◆ Task statement ◆
The lines below from the one with "Drizzling olive oil" up to and including the one with "2 Holzskulpturen 'Engel" are what you should set down, exactly and without pictures.

◆ Records shown ◆
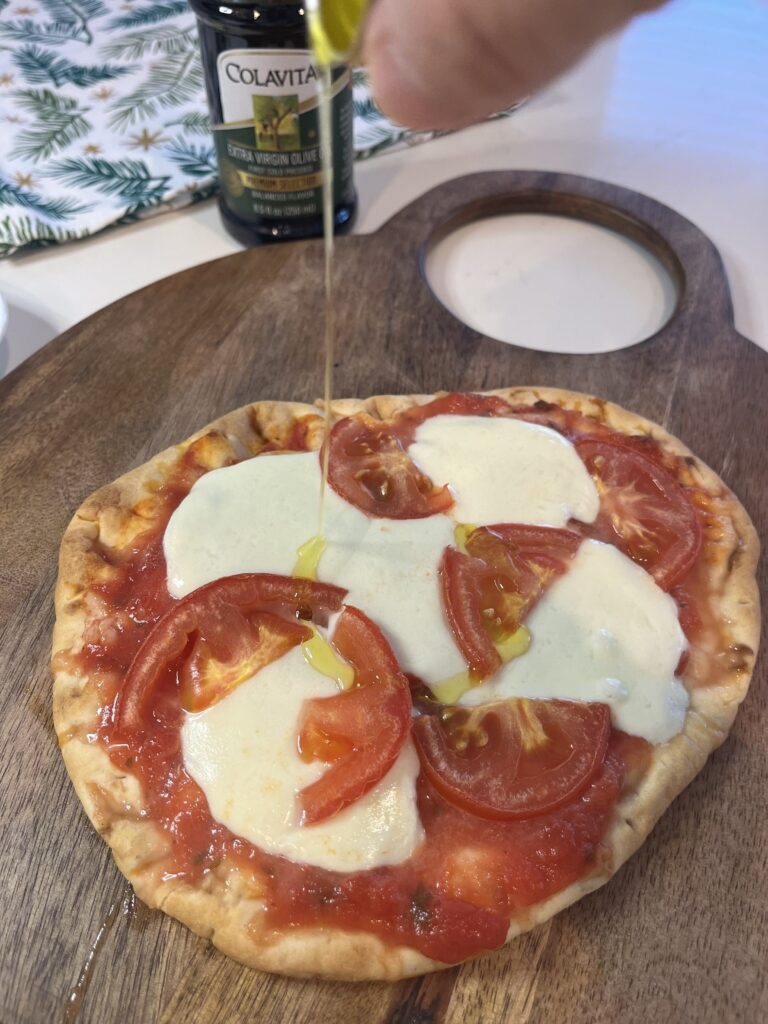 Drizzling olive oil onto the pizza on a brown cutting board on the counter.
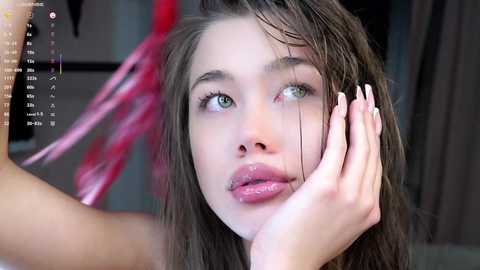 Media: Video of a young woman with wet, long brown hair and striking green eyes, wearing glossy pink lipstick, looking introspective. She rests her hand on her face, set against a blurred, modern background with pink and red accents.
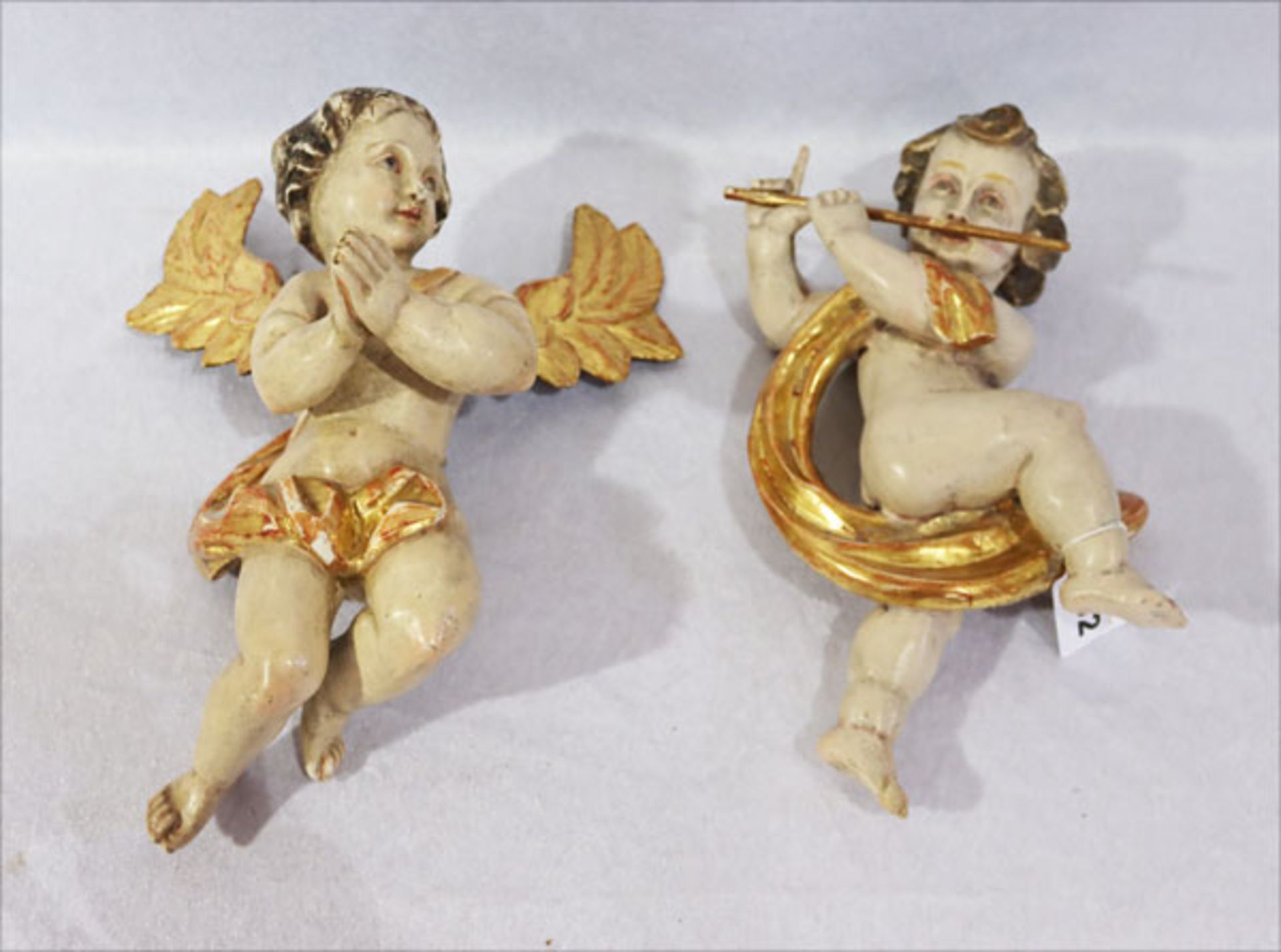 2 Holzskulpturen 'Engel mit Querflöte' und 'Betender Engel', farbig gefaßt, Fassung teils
==
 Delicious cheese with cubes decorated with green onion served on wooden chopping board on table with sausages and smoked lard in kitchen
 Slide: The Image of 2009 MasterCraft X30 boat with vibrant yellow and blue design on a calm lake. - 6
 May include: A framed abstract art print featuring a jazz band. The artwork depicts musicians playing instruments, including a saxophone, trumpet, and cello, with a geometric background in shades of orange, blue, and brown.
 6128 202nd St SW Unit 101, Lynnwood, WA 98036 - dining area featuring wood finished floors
---
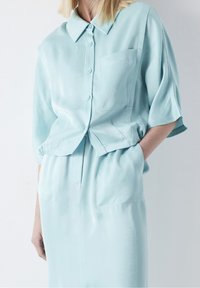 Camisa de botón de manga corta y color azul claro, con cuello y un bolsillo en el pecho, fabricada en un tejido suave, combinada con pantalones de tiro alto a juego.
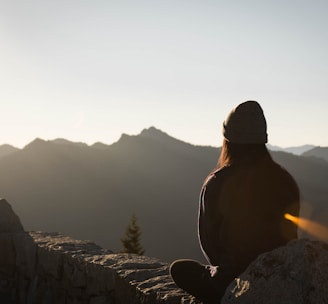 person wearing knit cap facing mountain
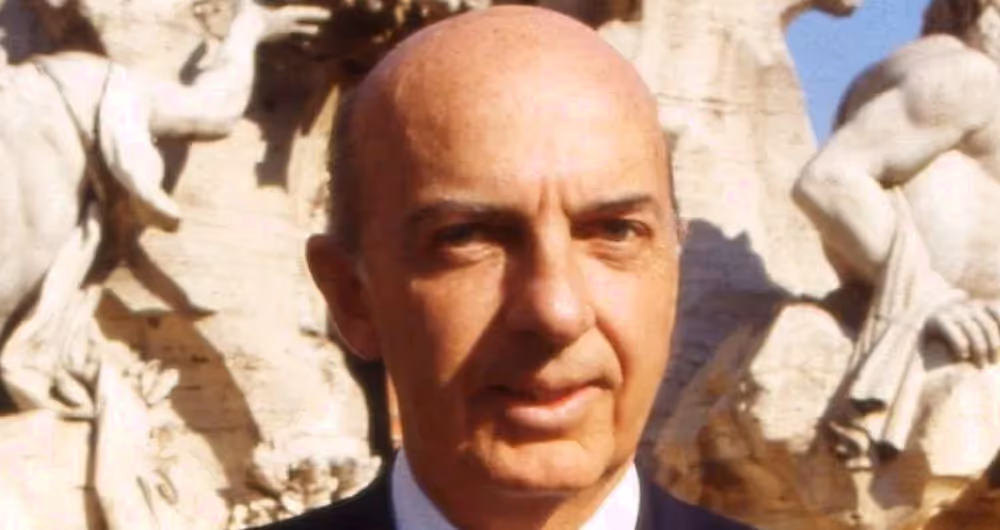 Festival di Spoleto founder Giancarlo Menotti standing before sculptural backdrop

◆ Task response ◆
 Drizzling olive oil onto the pizza on a brown cutting board on the counter.
 Media: Video of a young woman with wet, long brown hair and striking green eyes, wearing glossy pink lipstick, looking introspective. She rests her hand on her face, set against a blurred, modern background with pink and red accents.
 2 Holzskulpturen 'Engel mit Querflöte' und 'Betender Engel', farbig gefaßt, Fassung teils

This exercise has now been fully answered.